Aim of the task
Please reproduce the data exactly, though every picture must stay out.

-- Collected data follows --

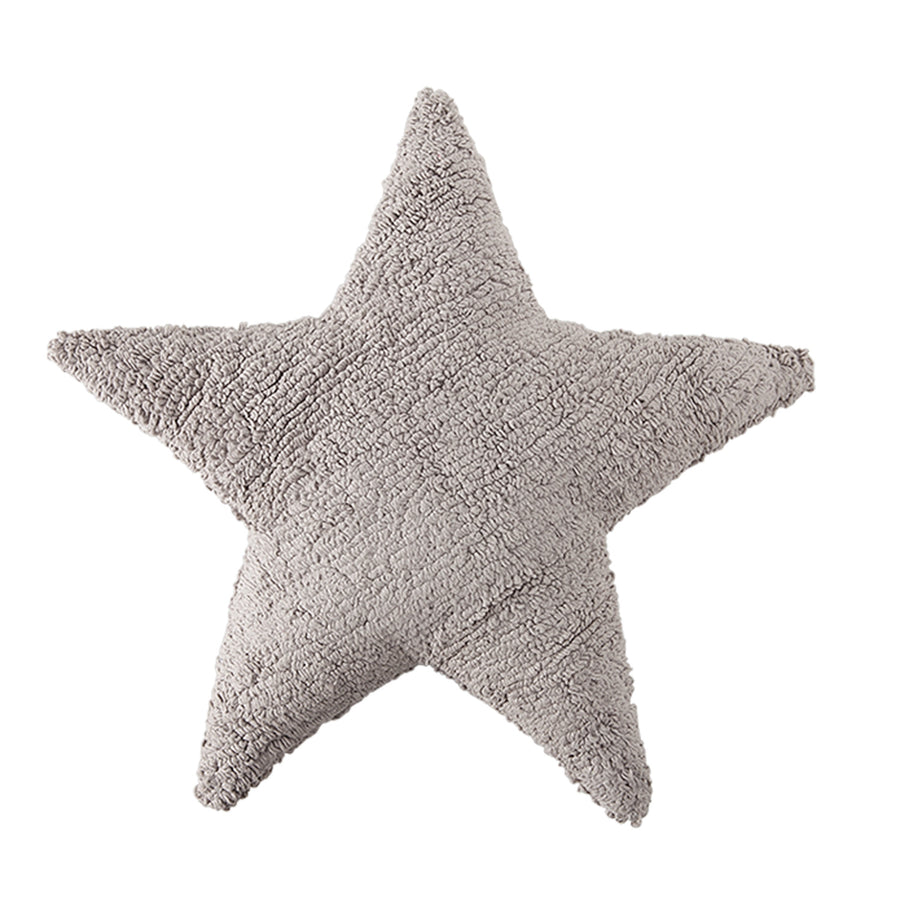 Lorena Canals Star Light Grey Washable Cushion (Pre-Order; Est. Delivery in 4-8 Weeks)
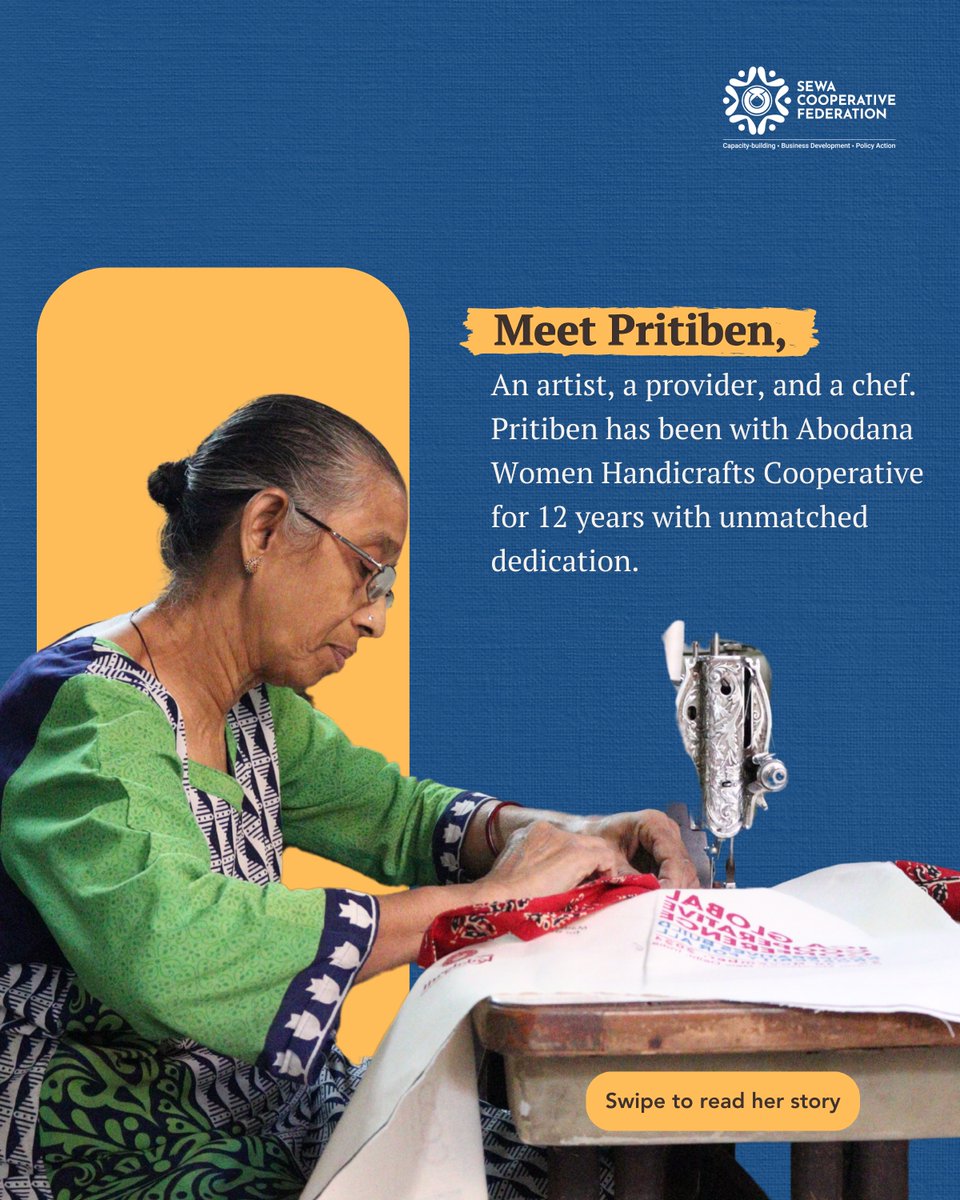 In a world where #informalwomenworkers often carry multiple burdens, Pritiben’s story reminds us: when informal women workers work collectively, they don’t just build a livelihood - they build a #cooperative future.
linkedin.com/posts/sewafede…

-- Collected data concluded --

Result of this task
 Lorena Canals Star Light Grey Washable Cushion (Pre-Order; Est. Delivery in 4-8 Weeks)
 In a world where #informalwomenworkers often carry multiple burdens, Pritiben’s story reminds us: when informal women workers work collectively, they don’t just build a livelihood - they build a #cooperative future.
linkedin.com/posts/sewafede…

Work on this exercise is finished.